Gulaga – and Gulaga National Park
Gulaga dominates the landscape around Tilba and Narooma and is of great cultural significance to the Yuin Aboriginals the traditional landowners of nearby Wallaga Lake and Gulaga National Park.
Gulaga – named Mount Dromedary by the passing Captain Cook because of its camel-shaped hump – was handed back to Yuin ownership and management by the NSW government in 2006.
Najanuga (Little Dromedary) is the smaller – but still striking – rock outcrop just to the east of Gulaga and Tilba.
It is also of cultural significance to the Yuin people.
Over 60 million years ago Gulaga was an active volcano and its peak was some 3 kms high.

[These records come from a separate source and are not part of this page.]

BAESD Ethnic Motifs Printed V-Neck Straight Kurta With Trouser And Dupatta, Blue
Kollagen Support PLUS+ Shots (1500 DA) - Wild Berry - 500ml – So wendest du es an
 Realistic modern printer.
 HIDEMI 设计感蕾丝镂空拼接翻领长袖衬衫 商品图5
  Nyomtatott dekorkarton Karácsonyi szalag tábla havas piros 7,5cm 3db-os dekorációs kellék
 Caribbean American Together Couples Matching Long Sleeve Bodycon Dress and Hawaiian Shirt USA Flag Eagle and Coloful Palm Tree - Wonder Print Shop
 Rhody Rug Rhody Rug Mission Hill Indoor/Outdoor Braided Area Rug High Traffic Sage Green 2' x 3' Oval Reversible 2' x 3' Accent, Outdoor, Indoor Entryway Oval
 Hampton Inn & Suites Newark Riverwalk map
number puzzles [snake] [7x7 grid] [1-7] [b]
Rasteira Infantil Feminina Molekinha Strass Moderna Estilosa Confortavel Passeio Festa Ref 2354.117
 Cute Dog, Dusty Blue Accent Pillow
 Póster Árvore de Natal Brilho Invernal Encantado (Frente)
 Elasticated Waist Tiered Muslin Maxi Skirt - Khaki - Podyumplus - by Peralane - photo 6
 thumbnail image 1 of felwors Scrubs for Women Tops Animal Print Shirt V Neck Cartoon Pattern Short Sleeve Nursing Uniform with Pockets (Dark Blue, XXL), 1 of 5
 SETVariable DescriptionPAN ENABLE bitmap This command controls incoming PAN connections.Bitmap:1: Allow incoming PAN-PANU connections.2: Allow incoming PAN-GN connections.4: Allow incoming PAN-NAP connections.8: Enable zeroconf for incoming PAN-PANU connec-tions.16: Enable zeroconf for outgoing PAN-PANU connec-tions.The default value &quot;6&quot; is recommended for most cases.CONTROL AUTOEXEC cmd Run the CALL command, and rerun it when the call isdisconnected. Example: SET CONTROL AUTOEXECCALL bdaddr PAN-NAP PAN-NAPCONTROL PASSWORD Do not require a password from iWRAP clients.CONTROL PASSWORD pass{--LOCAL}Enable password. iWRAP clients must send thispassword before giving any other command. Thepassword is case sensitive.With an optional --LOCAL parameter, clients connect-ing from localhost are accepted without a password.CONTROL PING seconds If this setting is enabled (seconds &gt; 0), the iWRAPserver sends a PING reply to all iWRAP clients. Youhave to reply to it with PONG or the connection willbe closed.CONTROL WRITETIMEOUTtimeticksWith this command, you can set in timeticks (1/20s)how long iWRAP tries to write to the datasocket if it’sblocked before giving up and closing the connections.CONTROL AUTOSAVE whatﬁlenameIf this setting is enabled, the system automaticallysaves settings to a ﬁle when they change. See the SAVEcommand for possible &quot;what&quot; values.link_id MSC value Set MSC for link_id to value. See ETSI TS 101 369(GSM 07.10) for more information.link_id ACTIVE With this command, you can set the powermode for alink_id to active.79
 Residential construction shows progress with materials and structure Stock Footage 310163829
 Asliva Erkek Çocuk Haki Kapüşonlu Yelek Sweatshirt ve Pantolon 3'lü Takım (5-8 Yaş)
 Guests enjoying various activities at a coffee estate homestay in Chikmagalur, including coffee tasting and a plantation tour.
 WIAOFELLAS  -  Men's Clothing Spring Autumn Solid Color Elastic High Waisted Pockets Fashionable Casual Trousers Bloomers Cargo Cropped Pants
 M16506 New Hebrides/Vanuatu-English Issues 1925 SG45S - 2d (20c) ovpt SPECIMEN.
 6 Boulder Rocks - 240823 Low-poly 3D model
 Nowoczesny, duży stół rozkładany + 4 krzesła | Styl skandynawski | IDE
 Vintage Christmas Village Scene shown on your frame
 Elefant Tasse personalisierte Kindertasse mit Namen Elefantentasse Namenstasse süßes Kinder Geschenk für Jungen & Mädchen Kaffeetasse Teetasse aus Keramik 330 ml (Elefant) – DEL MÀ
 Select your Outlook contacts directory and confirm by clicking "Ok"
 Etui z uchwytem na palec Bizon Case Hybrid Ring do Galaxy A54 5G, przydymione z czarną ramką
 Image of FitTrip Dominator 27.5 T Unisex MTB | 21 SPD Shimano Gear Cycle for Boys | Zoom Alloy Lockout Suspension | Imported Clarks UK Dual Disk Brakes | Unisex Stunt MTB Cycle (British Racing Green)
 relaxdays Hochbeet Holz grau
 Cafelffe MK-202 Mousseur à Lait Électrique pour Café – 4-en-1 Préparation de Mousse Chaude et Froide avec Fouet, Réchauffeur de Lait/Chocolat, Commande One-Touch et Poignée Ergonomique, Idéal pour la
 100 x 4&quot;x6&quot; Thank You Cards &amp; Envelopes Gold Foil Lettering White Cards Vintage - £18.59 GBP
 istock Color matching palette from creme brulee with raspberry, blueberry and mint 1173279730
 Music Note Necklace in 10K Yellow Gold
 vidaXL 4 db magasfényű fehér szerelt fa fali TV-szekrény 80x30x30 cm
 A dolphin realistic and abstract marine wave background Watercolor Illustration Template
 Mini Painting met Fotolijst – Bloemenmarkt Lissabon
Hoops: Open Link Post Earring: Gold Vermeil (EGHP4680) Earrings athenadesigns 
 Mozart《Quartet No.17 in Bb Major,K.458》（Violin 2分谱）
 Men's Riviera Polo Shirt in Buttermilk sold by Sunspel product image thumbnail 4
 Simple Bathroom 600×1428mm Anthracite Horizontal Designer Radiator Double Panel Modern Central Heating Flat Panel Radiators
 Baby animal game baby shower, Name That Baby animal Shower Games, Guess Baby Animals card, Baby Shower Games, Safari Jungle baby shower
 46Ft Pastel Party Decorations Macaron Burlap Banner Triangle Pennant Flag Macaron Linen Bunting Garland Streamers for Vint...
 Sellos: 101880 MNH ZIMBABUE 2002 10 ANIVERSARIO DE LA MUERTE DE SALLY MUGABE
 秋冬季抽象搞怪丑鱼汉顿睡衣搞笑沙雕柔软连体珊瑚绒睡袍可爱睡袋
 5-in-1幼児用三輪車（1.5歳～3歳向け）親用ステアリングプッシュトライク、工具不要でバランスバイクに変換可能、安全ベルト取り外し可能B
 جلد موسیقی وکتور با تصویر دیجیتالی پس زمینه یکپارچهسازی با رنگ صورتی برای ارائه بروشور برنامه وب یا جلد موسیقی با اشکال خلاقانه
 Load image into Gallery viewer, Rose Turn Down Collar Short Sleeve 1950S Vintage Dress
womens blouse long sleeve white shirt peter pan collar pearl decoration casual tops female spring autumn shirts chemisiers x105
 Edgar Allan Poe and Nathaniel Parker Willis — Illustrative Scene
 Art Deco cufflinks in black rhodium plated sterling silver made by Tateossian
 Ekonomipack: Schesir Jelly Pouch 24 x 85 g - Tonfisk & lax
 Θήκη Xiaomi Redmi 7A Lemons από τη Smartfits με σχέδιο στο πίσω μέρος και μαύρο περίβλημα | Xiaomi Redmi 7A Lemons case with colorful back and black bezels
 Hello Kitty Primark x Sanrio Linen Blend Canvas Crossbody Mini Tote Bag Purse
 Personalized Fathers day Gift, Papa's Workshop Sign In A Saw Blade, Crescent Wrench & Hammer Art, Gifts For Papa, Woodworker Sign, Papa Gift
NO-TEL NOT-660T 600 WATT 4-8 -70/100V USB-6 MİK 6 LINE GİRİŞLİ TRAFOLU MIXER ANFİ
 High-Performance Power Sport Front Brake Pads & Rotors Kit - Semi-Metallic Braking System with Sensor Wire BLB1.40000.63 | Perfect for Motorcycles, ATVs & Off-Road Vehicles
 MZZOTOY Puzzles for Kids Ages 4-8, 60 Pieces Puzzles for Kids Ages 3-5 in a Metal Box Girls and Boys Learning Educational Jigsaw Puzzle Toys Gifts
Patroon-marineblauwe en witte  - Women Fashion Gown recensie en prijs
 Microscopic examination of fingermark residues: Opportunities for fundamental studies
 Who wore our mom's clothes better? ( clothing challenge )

Now it is less than 1000m high but still offers spectacular views over the surrounding lakes and countryside, rainforest walks and old mining tracks to explore.
This impressively forested mountain was the site of extensive gold mining which led to the development of the historic Tilba settlements. Read more about the Tilba settlements.
Exploring Gulaga is worth devoting at least half a day to. Walking the track from Pam’s Store at Tilba Tilba to the summit and back (11km round trip) is actually not as difficult as it might look – and the rainforest, wildlife, granite outcrops and views are definitely worth the effort.